In my visits to Washington in the past few months I've heard different stories from Democratic congressional aides about what the party's intentions are. Some say they think the leadership is just going to stall and pass a bunch of non-binding, symbolic, Kumbayah horseshit to help propel whoever the Democratic candidate is into the White House two years from now. Others claim with a straight face that all of these non-binding resolutions are only a start, that the strategy is to really end the war via a death-by-a-thousand-cuts type of legislative grind, with the leadership sending to the floor bill after bill after bill designed to eat away at either war policy or war funding. They claim that all of these votes are exercises in coalition-building, necessary steps to gathering the support needed to pass real biting measures later on.

Dave Lindorff:

Despite polls showing that 6 in 10 Americans want the U.S. out of Iraq asap, the best that this crew can come up with is a call-not binding, or course-for the president to pull out the troops by next spring or even summer. That would be over a year from now, and more than five years (!) into this criminal and incredibly stupid war.

At the rate things have been going, it would also be perhaps 1000 more dead Americans, 14,000 more gravely wounded Americans, and 100-150,000 more dead Iraqis later.


This is not exactly the legacy I thought we had stumbled upon last November. More and more I'm coming to realize that Arthur's thoughts on the Democrat's predilection for imperialistic policies dating back to Woodrow Wilson (which are in many ways worse than those of Republicans--mainly because they are much more competent about executing those policies and achieving maximum results):

In effect, Democrats (and many liberal and progressive bloggers) would have you believe that something like the Iraq disaster would never occur if the Democrats were in charge.

This is flatly false. It is a lie offered for the least admirable and most petty of ignoble partisan motives.
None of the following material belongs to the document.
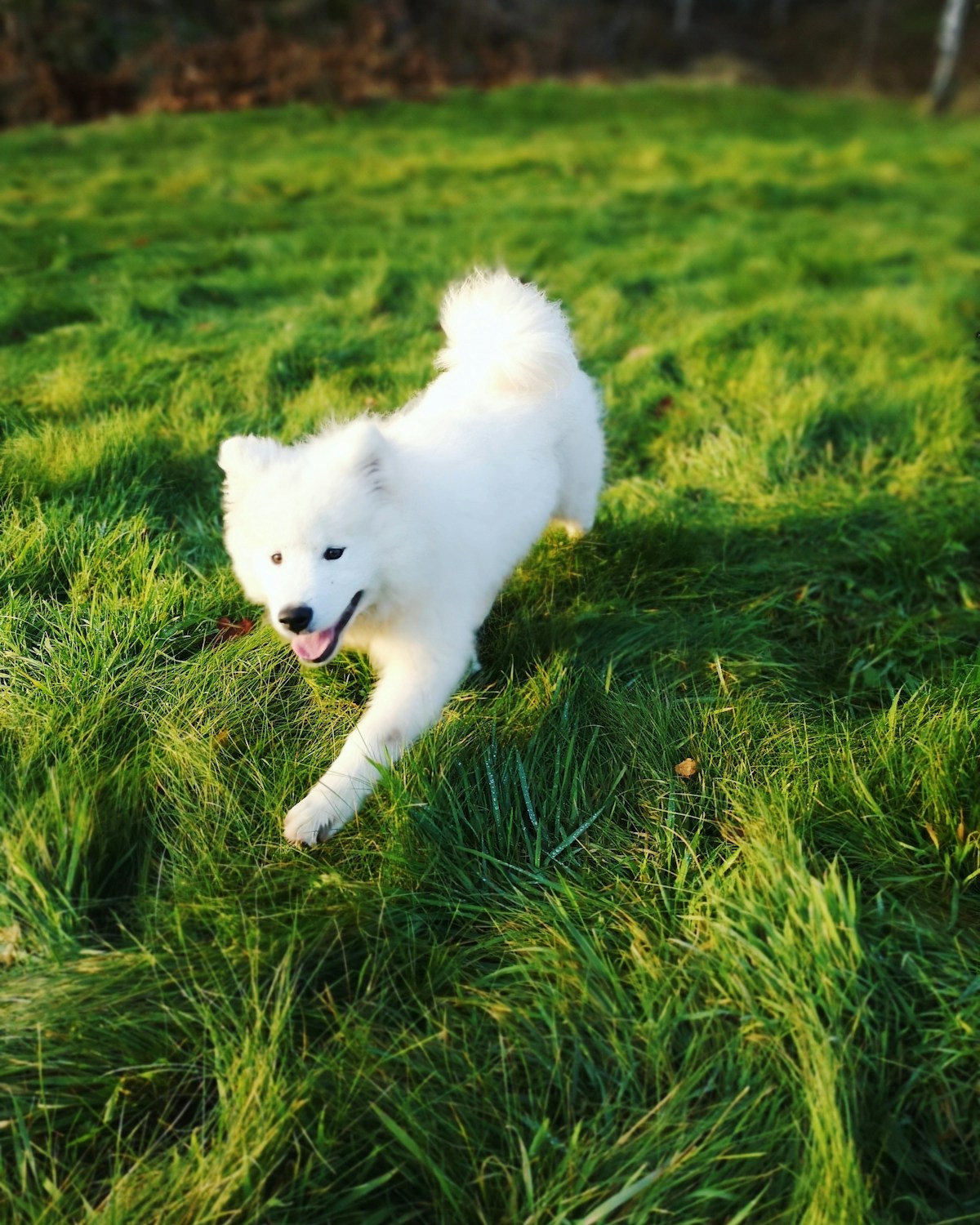 芝生を元気に駆けるサモエドの子犬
The Democrats would have you forget Woodrow Wilson and World War I, and the century of conflict to which our entrance into that war led (and the effects of which still play out in the Middle East and beyond today); they would have you forget Vietnam, which parallels the Iraq catastrophe in ways beyond counting -- and they would have you forget the Balkans and Kosovo.


I'm rapidly coming to the conclusion that there aren't any candidates out there who will be around after the primaries worth even considering, and yet one of them will be in the White House trying to figure out the next chapter in this whole sordid mess on 1/20/09. How far the conflaguration has spread by then God only knows, and even that entity may have averted its eyes from the mess we may have made of things by then.

UPDATE 31 MAR 07:

In an interview with Think Progress Mike Gravel has plenty to say about this:

I think it’s ridiculous legislation. Truthfully, truthfully. Here, when they’re talking about getting out of Iraq next year, what about the people that die between now and then when they know they’re going to get out? What about the families of those people that going to get killed between now and then? We need to get out now.

A year from now isn’t going to make it any better. And I have my suspicions that — whether Democrats or Republicans — they’re not going to get out of Iraq, even after the election. I don’t care who’s elected.